Problem details:
Begin at the line containing "Santa reading a letter." in the records below, end at the line containing "designer toiletries, hair", and retype each line in that span exactly. No other line and no image should appear.

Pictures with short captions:
____________
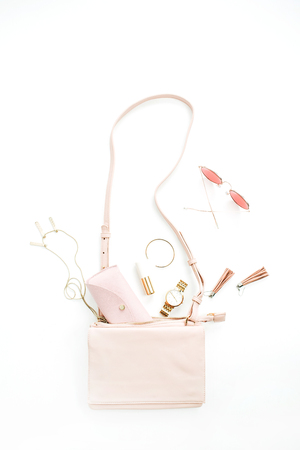 Woman fashion trendy accessories set: purse, sunglasses, watch, bracelet, necklace, lipstick, earrings on white background. Flat lay, top view stylish pastel pink concept.の写真素材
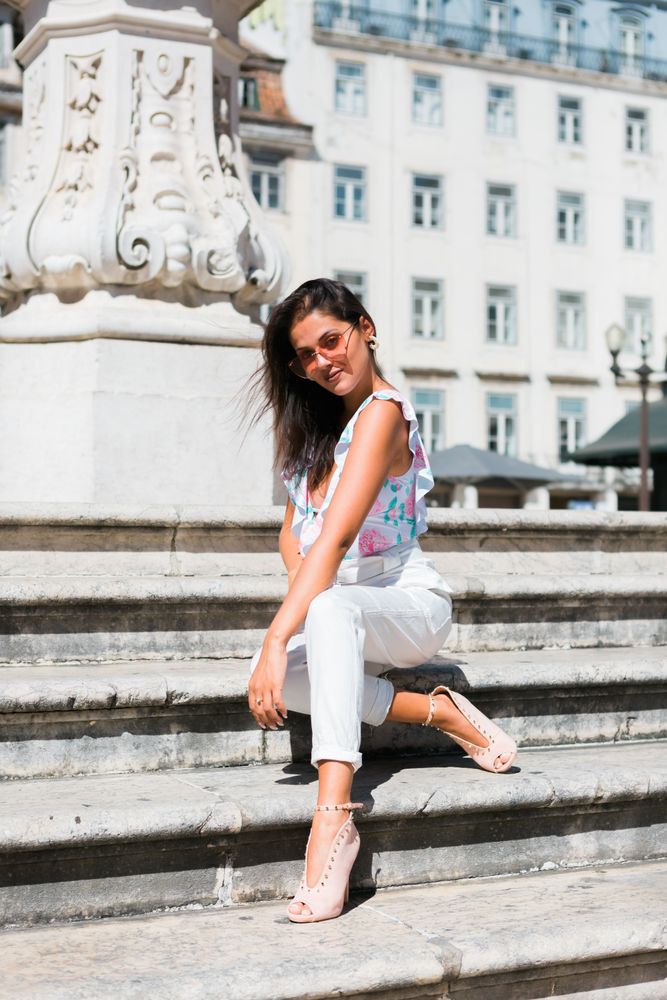 stylish woman in sunglasses sitting in street stairs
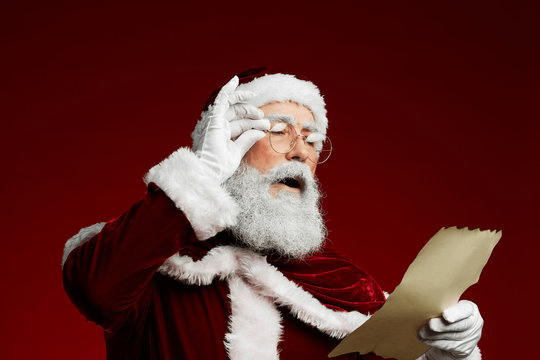 Santa reading a letter.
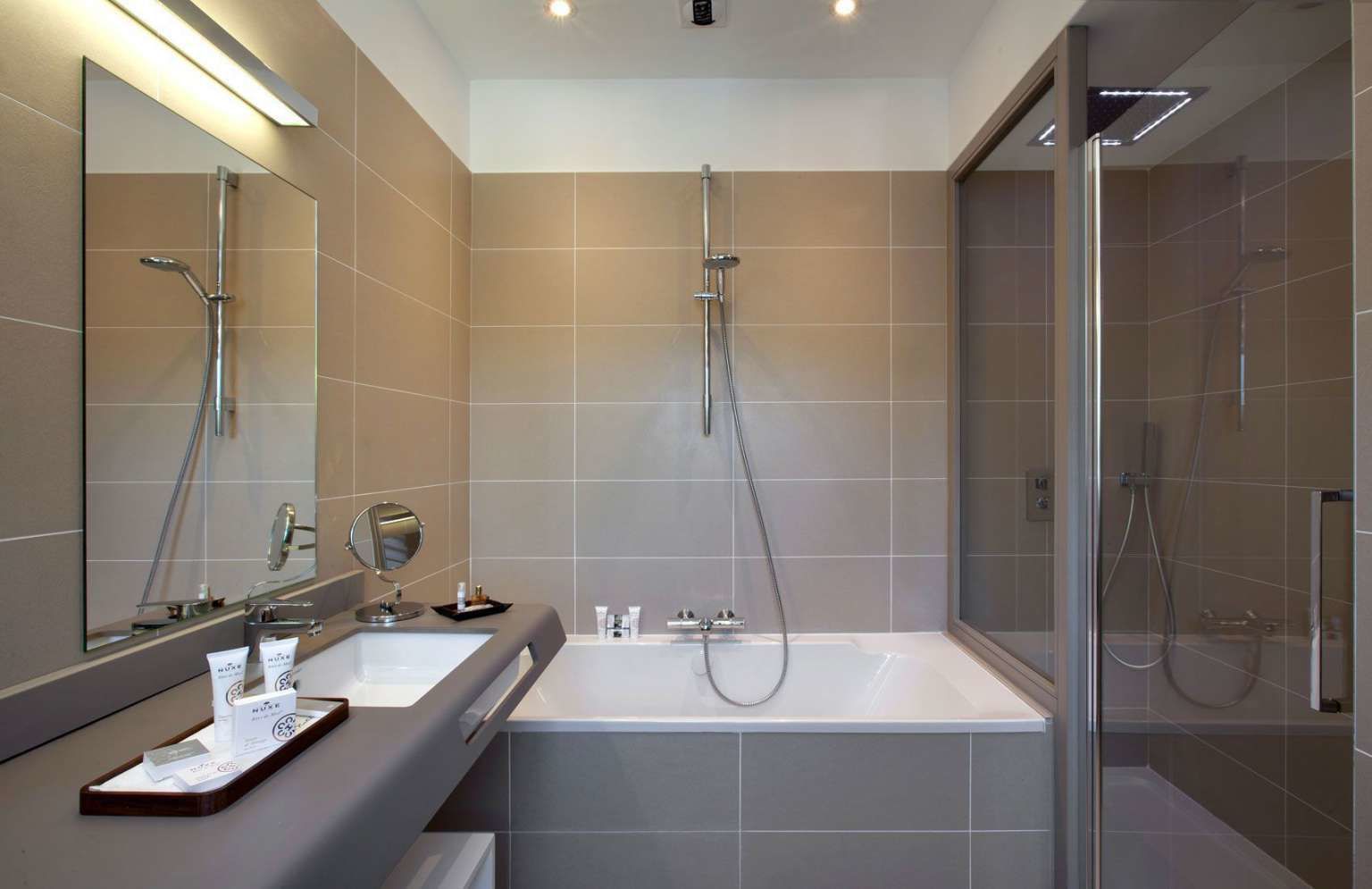 designer toiletries, hair dryer, bathrobes, slippers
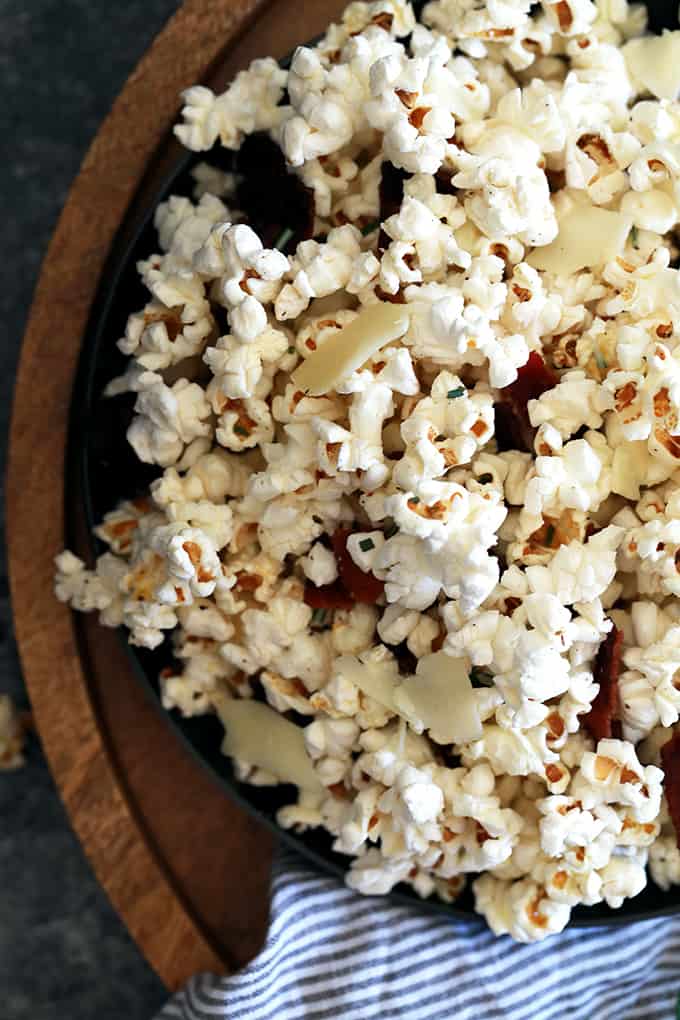 I've combined three of my favorite ingredients to make this Rosemary Parmesan Bacon Popcorn truly legendary.  Kernels of popcorn take a swim in bacon fat before popping and then tossed with fresh rosemary, shaved Parmesan cheese and crumbled bacon.  Perfect for movie night, game day or any time you need an amazing savory snack.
____________
Your solution:
 Santa reading a letter.
 designer toiletries, hair dryer, bathrobes, slippers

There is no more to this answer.